* [Assigned task] Beginning with the line that contains "Volkswagen Golf Estate, Petrol, 2019, Red", retype the entries below exactly, ending with the line that contains "Le président de". Leave out any pictures.

* [Material for the task]
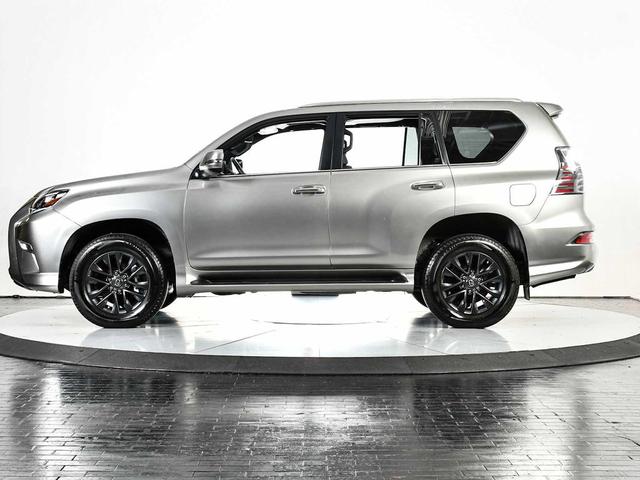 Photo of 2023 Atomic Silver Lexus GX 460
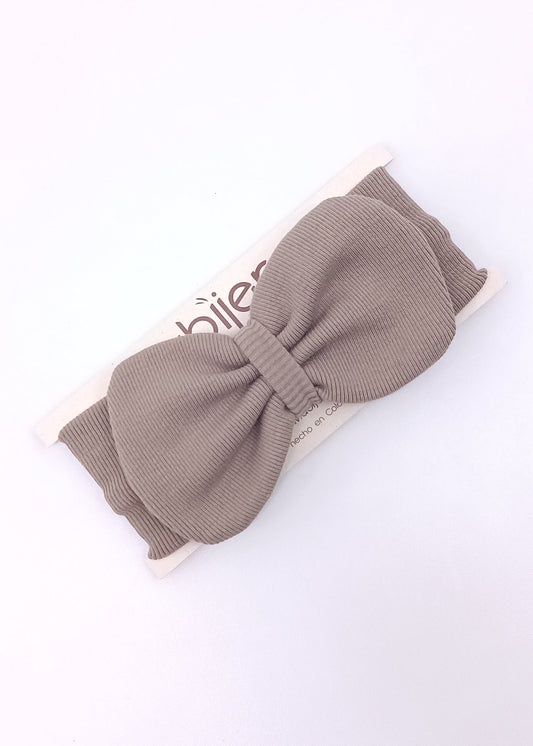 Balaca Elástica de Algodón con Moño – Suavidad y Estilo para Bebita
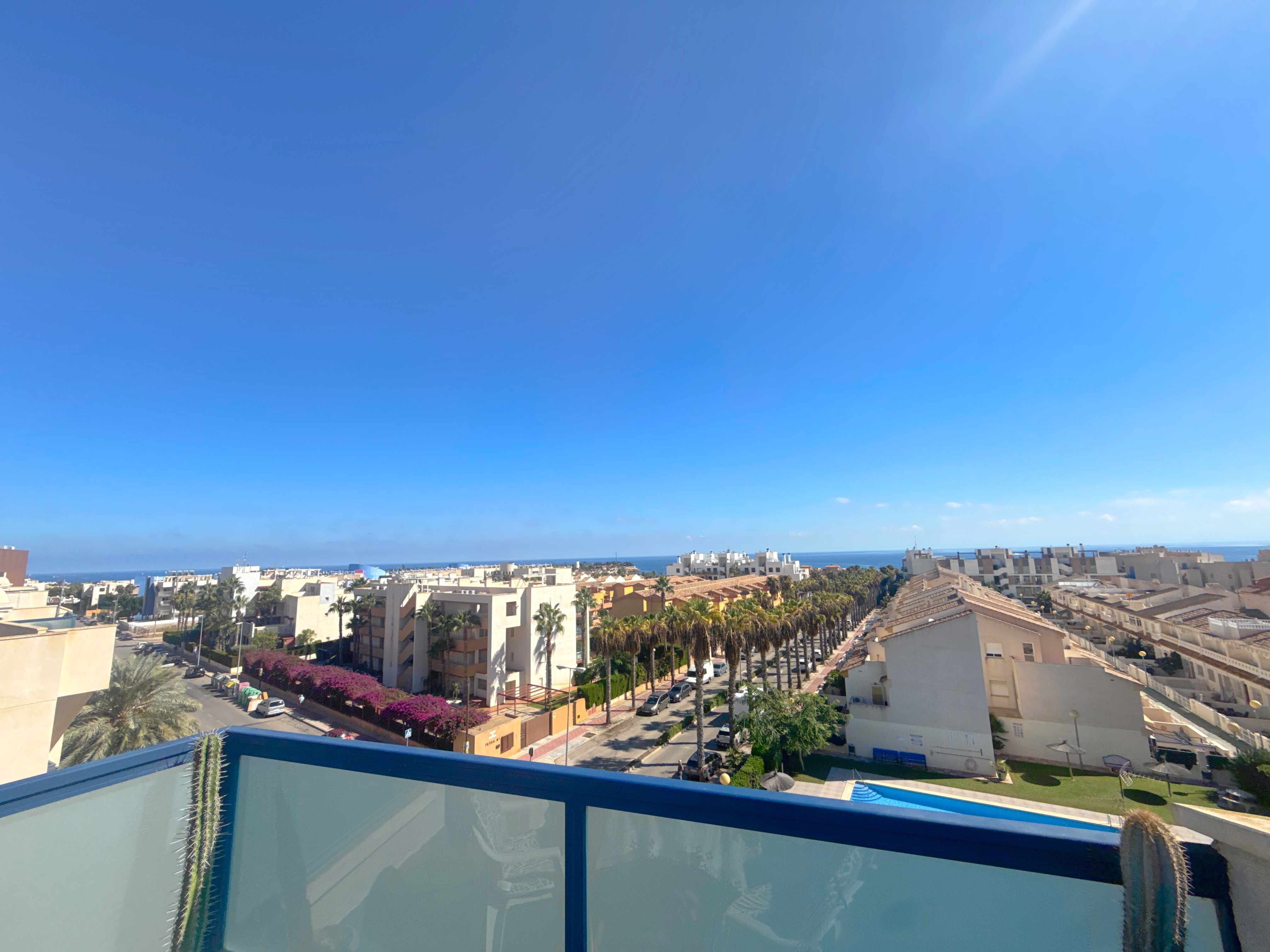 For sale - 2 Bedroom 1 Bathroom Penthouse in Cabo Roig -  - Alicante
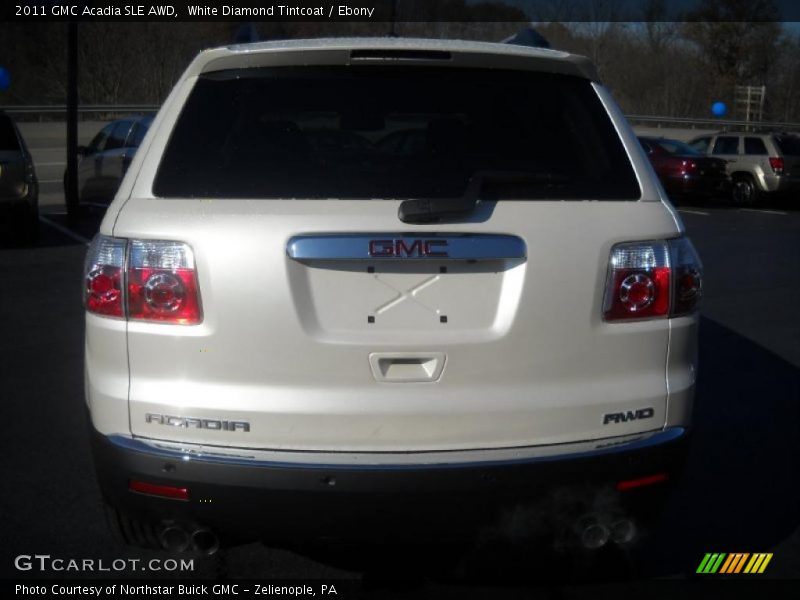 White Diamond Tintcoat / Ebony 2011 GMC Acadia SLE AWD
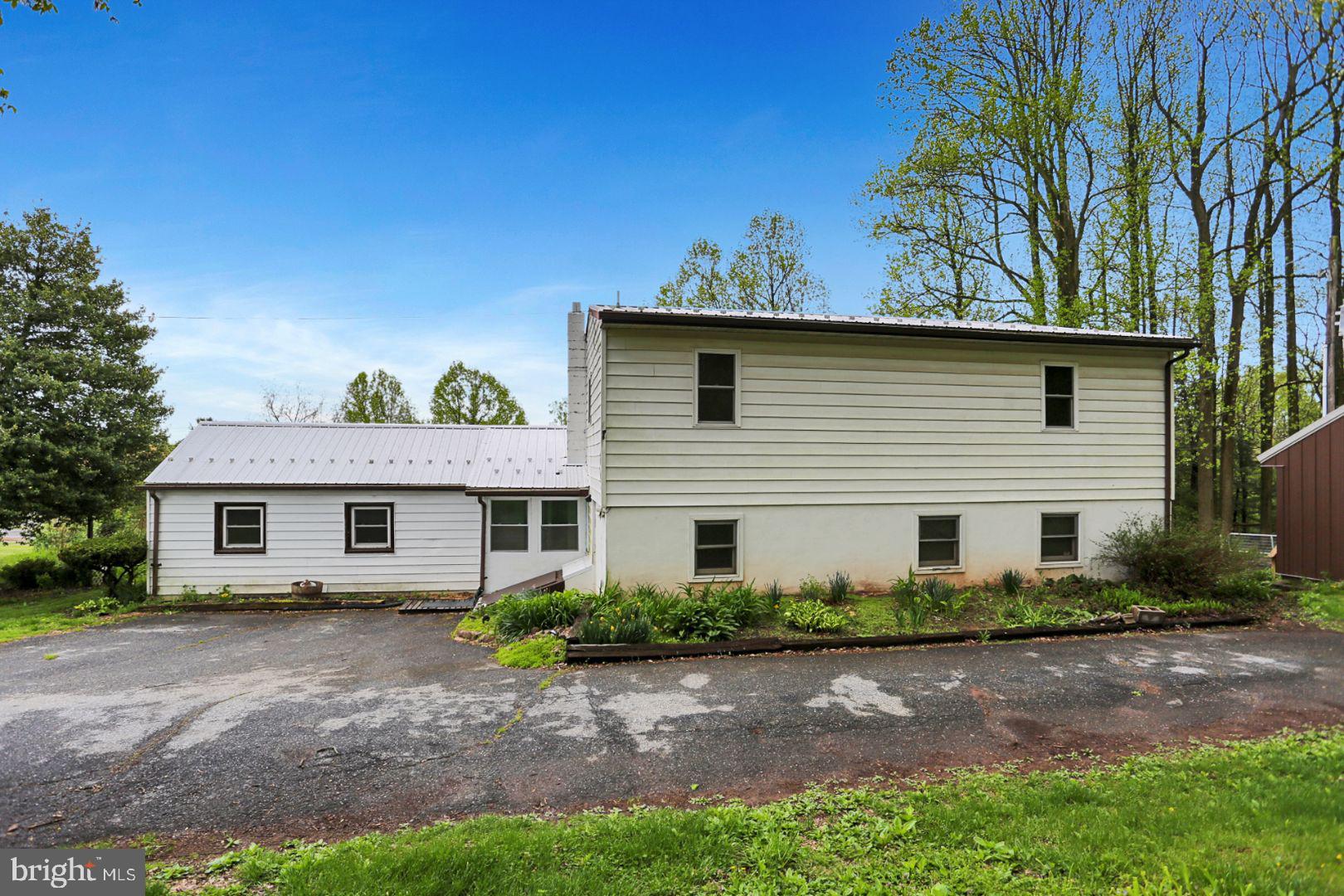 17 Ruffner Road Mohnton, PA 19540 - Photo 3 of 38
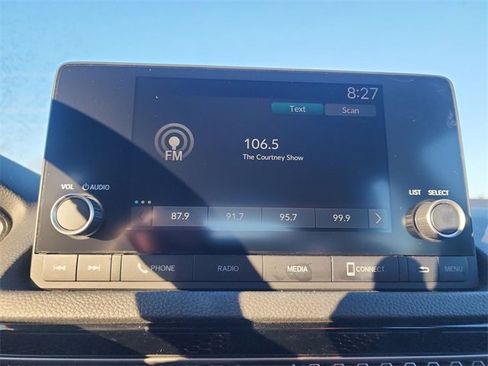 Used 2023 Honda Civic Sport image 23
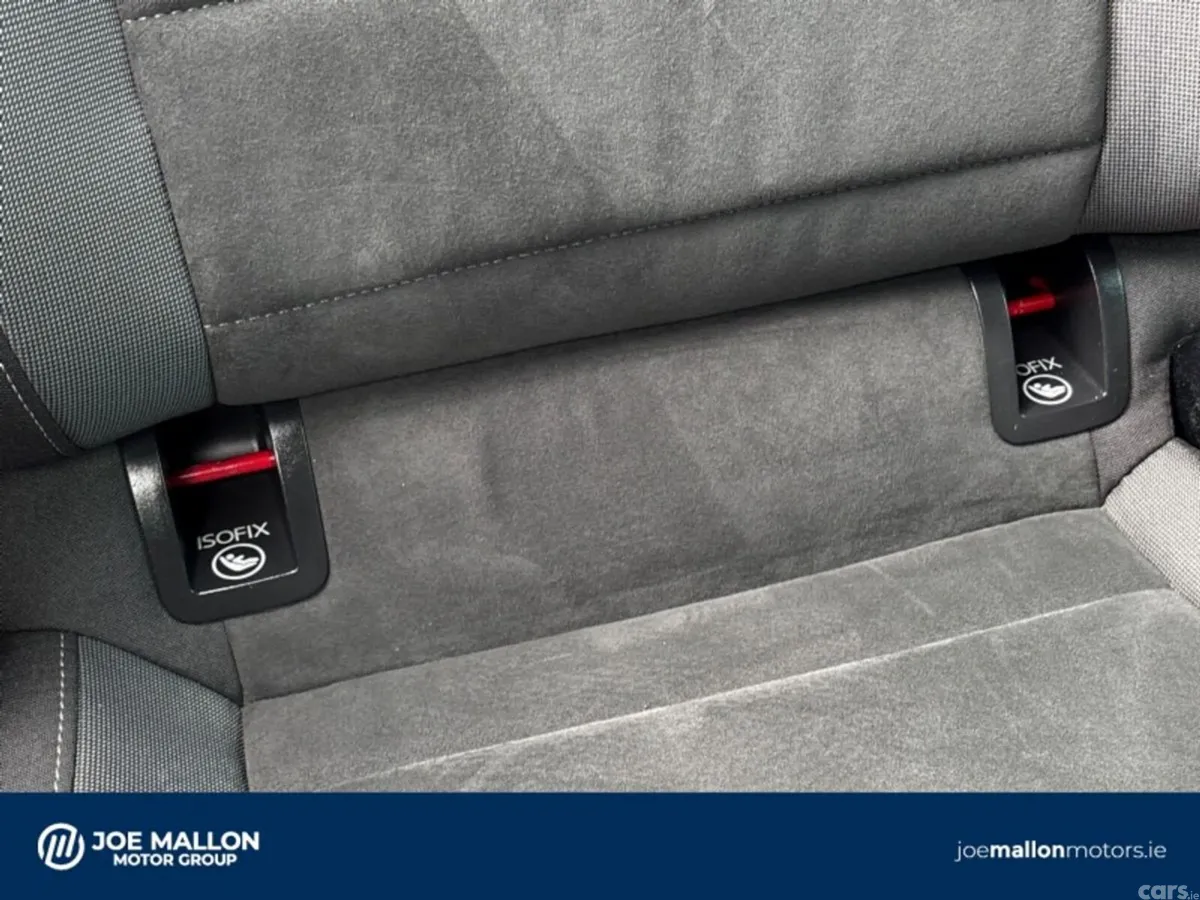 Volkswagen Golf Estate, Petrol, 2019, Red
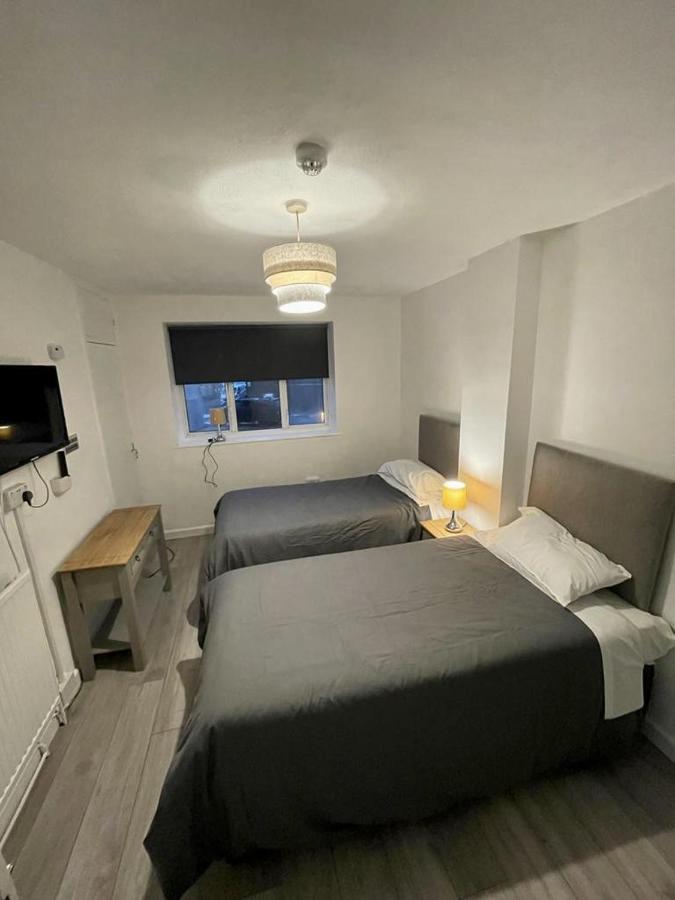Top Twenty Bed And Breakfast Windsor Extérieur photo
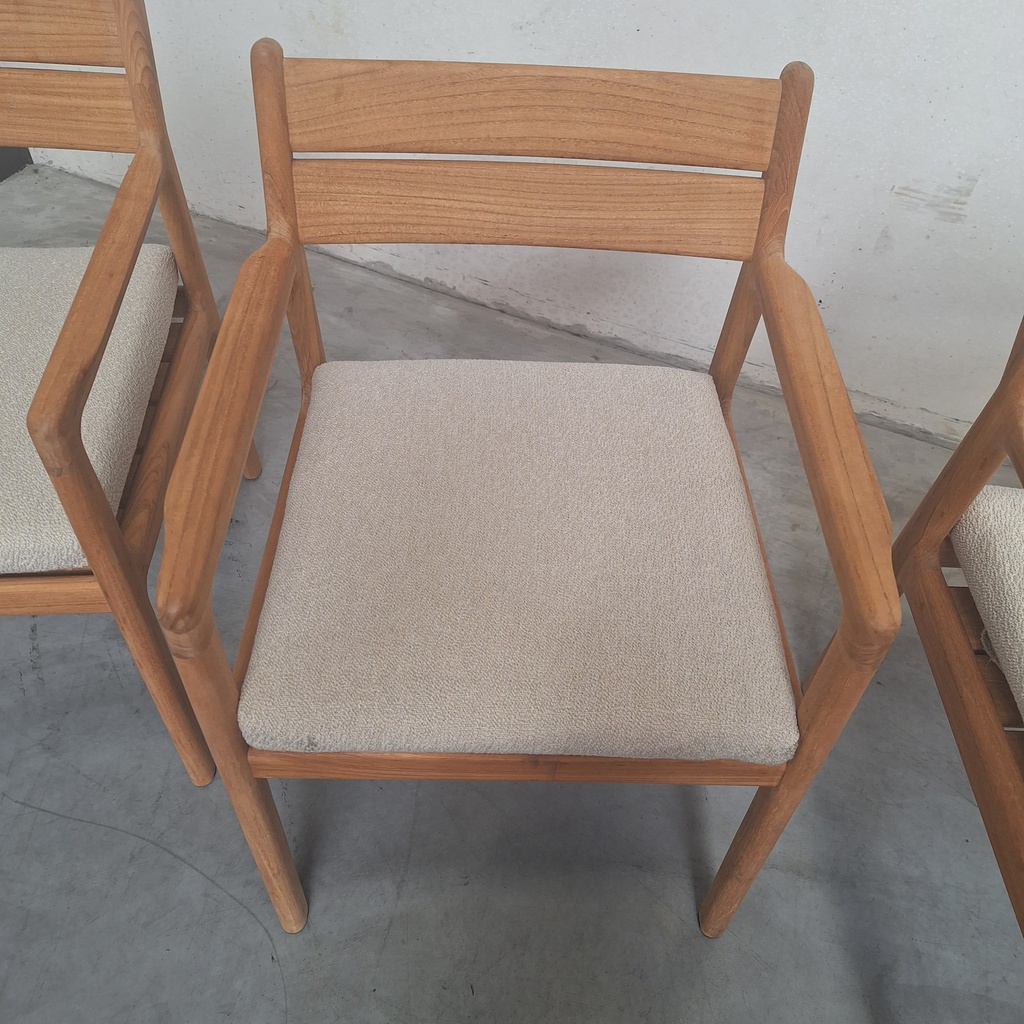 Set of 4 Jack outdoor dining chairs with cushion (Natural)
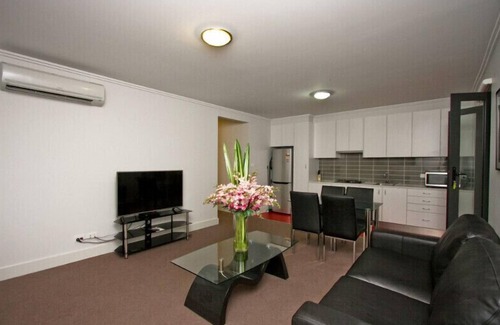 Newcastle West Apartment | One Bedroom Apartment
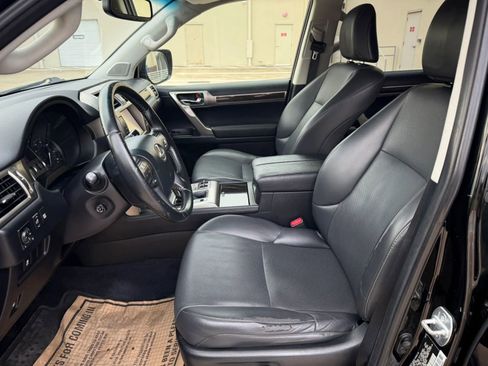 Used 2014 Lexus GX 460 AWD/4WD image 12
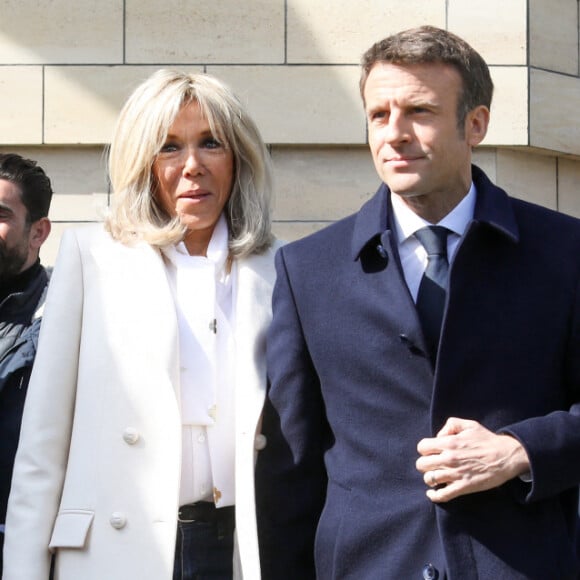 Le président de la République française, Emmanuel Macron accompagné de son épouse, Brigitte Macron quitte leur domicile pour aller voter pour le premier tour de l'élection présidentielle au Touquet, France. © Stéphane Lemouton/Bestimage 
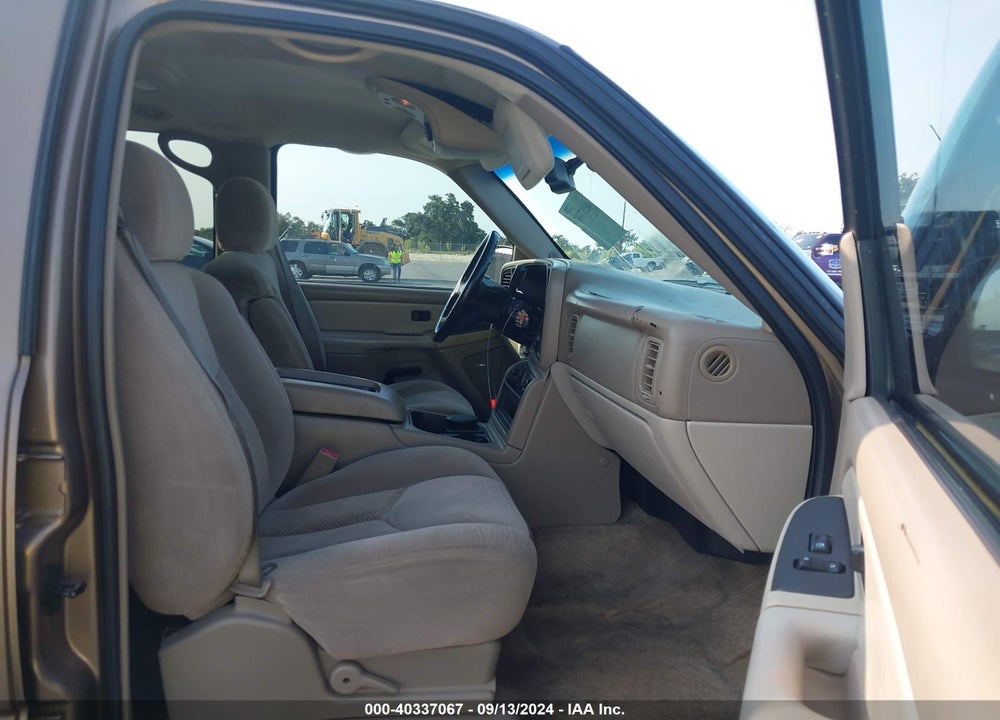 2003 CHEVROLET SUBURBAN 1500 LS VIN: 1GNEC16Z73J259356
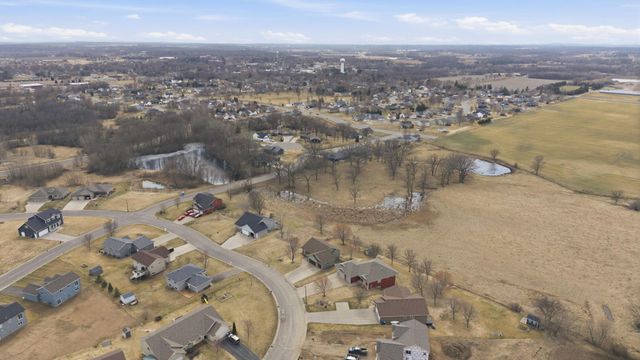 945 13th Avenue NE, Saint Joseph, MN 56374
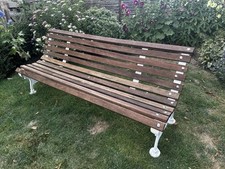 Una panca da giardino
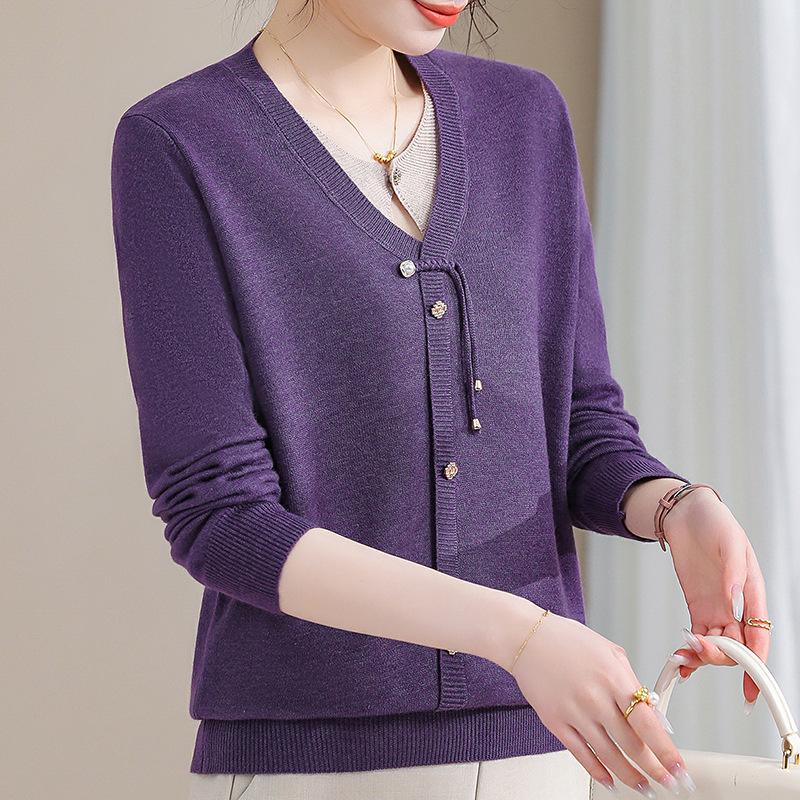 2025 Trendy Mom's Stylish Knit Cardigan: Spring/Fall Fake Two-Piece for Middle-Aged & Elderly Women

* [Solved exercise]
 Volkswagen Golf Estate, Petrol, 2019, Red
Top Twenty Bed And Breakfast Windsor Extérieur photo
 Set of 4 Jack outdoor dining chairs with cushion (Natural)
 Newcastle West Apartment | One Bedroom Apartment
 Used 2014 Lexus GX 460 AWD/4WD image 12
 Le président de la République française, Emmanuel Macron accompagné de son épouse, Brigitte Macron quitte leur domicile pour aller voter pour le premier tour de l'élection présidentielle au Touquet, France. © Stéphane Lemouton/Bestimage 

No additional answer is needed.